Je vous remercie de votre discours. Ces dernières semaines, nous avons entendu parler de sécurité alimentaire et des divers risques présents dans l’industrie de l’agriculture au Canada. La semaine dernière, j’ai animé un groupe de discussion au Nouveau-Brunswick où un cadre de Nutrien était présent et qui portait justement sur ce sujet. La principale chose que j’ai retenue, ce sont les immenses défis auxquels l’industrie de l’agriculture doit faire face, notamment lorsqu’il s’agit de remettre les rênes d’une exploitation agricole familiale à des enfants qui n’en veulent pas nécessairement. J’ai l’impression que ce projet de loi revêt une importance absolument fondamentale pour la sécurité alimentaire. Est-ce que je me trompe? Il s’agit d’un enjeu dont nous pouvons parler dès aujourd’hui — au cours de cette session du Parlement —, afin de garantir l’avenir de notre secteur agricole et de nos fermes.

Absolument, c’est quelque chose que nous devrions faire. Je vis dans une collectivité rurale remplie d’agriculteurs. J’ai cette discussion tous les jours. Ils me montrent leurs factures pour le séchage de leurs céréales et le chauffage de leurs granges; c’est tout à fait stupéfiant. Nous pensons tous à ce que la tarification de la pollution signifie lorsque nous allons faire le plein et que l’essence est un peu plus chère, puis lorsque la facture de chauffage arrive — cette mesure a une incidence sur tout le monde, bien sûr. Cependant, les entreprises jouent un rôle crucial dans notre économie. Vous avez entendu les chiffres concernant la contribution à l’économie de la Saskatchewan, et cela ressort. Il y a des agriculteurs dans tout le pays — des producteurs de toutes sortes, des éleveurs, des fruiticulteurs, et j’en passe.

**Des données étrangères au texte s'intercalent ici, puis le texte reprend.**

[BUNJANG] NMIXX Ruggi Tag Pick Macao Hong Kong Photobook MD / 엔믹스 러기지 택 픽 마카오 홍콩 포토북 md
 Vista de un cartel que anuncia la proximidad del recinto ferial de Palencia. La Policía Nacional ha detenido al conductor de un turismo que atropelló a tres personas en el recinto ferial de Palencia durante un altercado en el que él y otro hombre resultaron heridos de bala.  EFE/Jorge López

Oui, je pense que c’est crucial; le problème de l’inflation du prix des produits alimentaires est énorme et les augmentations sont massives. J’écoutais un agriculteur de la Saskatchewan qui parlait dans une tribune radiophonique. Il disait qu’il avait été élevé selon le principe que les gens comme lui étaient chargés de nourrir le monde, et c’est ce qu’il a fait. Les Saskatchewanais ont appelé leur province le « grenier du monde ». Les problèmes ont été exacerbés par la situation en Ukraine. Ce pays fournissait beaucoup de nourriture et il n’est plus en mesure de le faire. Il nous incombe donc encore plus d’essayer de combler ce vide. L’agriculteur qui parlait à la radio était nostalgique. Il a dit : « C’est ce qu’on m’a appris. Je suis fils d’agriculteur, je suis agriculteur et mon fils sera agriculteur. C’est à moi de nourrir le monde. Je vous en prie, laissez-moi faire mon travail. » Voilà ce qu’il a dit. C’était vraiment percutant. C’est tout ce que ces gens demandent.